Janisse Ray, author of several books including Ecology of a Cracker Childhood, was instrumental in helping protect Moody Forest. Ray writes about her childhood in south Georgia and the longleaf pine wiregrass ecosystem, helping generate support for this storied and diminishing landscape.
As temperatures rise, spring peepers wake from their winter slumber, echoing a faint chorus through the woods. Soon, these little frogs will signal the start of spring, one of the most beautiful seasons in the longleaf pine forest.
In few places across Georgia is this beauty as evident and accessible as at Moody Forest Natural Area near Baxley. First protected by the Moody family, then The Nature Conservancy and the Georgia Department of Natural Resources (DNR) in 2000, what was once called “Moody Swamp” is a rich example of biodiversity in south Georgia.
A Legacy for Longleaf
The story of the forest is tied to the story of the Moodys, a hardworking family that practiced conservation before it was a household word.

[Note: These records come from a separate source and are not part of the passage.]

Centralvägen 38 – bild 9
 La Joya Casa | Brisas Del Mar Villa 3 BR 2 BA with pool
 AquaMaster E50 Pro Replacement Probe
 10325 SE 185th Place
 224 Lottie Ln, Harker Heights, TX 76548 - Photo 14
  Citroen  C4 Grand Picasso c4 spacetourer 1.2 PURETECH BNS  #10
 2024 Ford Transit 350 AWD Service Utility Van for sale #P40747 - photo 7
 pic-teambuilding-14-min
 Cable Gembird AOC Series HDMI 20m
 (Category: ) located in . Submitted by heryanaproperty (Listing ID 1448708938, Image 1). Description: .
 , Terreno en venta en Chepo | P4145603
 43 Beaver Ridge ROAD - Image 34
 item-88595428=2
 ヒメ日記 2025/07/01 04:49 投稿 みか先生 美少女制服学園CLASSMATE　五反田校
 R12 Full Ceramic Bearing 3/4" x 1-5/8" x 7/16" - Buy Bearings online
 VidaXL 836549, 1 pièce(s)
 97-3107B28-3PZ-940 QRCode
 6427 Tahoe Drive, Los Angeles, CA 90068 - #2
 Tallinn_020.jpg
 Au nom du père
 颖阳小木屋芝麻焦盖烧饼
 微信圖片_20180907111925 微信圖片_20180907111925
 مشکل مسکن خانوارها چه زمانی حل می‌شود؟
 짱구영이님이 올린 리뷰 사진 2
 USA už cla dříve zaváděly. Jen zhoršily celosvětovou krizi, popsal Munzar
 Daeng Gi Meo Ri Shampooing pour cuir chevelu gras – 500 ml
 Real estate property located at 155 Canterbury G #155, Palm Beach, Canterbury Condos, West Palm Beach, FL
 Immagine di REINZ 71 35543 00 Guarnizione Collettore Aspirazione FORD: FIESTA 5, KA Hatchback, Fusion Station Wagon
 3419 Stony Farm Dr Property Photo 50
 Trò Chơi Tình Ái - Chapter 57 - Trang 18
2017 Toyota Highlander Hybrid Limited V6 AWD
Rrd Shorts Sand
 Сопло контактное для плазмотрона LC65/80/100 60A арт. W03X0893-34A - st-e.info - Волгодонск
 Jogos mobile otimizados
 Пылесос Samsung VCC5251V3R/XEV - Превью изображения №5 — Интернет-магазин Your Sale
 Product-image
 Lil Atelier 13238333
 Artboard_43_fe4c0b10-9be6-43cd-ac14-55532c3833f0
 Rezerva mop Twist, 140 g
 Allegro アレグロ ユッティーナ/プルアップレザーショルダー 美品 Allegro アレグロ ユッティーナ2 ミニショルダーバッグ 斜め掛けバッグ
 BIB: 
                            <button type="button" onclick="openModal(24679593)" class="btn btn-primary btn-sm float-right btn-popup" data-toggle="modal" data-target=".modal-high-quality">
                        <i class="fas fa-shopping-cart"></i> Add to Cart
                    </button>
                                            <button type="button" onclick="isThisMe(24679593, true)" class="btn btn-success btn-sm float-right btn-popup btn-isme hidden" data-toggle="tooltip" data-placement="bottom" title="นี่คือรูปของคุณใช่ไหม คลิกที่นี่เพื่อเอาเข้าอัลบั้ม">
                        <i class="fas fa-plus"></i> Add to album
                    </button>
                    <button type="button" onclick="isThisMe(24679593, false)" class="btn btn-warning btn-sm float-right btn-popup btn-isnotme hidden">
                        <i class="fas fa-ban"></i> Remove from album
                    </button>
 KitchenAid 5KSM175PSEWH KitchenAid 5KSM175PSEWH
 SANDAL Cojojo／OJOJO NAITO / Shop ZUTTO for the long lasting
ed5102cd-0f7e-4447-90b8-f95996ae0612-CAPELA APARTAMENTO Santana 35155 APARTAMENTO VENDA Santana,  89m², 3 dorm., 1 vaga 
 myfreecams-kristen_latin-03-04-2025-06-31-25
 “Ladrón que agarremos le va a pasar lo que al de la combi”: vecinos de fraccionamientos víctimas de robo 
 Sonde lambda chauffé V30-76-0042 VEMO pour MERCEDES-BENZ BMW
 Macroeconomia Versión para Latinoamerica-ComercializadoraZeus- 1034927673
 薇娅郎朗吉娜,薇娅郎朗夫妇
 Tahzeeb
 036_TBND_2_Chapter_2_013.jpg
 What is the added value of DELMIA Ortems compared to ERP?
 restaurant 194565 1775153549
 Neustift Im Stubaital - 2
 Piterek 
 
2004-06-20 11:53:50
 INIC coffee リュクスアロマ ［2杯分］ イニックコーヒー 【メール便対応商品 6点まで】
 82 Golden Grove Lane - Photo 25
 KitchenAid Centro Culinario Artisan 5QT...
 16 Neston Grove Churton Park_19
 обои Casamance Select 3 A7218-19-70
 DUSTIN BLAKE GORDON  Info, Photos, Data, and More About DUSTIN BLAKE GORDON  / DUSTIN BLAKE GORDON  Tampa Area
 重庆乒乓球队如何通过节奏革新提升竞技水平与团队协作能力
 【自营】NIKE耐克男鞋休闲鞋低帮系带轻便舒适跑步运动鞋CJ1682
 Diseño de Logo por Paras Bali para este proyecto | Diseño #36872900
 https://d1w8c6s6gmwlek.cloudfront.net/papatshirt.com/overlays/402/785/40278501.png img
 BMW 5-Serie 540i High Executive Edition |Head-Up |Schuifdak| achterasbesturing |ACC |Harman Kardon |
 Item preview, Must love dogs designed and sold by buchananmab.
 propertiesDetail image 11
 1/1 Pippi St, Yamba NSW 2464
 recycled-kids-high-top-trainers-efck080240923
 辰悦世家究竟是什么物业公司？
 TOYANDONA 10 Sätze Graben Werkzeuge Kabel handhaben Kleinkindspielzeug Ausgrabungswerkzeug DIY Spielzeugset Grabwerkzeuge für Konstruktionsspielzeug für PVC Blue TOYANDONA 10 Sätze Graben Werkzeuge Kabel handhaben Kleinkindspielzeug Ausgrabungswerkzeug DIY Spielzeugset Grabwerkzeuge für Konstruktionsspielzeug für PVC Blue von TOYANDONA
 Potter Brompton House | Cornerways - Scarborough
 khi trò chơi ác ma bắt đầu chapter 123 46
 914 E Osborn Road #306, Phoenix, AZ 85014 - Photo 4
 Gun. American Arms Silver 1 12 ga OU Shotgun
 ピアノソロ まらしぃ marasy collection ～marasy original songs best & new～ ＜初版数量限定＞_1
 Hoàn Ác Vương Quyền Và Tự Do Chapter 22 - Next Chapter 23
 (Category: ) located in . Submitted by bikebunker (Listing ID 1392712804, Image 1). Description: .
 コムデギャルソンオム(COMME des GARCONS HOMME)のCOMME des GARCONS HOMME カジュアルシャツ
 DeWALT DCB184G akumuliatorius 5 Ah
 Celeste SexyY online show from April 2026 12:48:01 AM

The Moody family came to Appling County in the mid-1800s. They bought land and lived a simple life. They realized their wealth in the wild things – pitcher plants, snakes and gopher tortoises, grasses, woodpeckers – that graced their cypress swamp and longleaf pine forests.
In 1952, siblings Causs, Wade and Elizabeth Moody inherited Moody Forest from Jake Moody. The siblings also inherited their uncle’s determination to protect the land from development and abuse.
The Moodys lived off the land, mostly by grazing cattle and harvesting turpentine. The rest of the forest was left, as Jake would say, “for the trees to grow.” Income was generated by selling gum tapped from longleaf and slash pine trees. Very little timber was sold. Relatives tell stories about the Navy buying timber for ships, and about land barons traveling for days to try to purchase some of Jake’s “big timber.”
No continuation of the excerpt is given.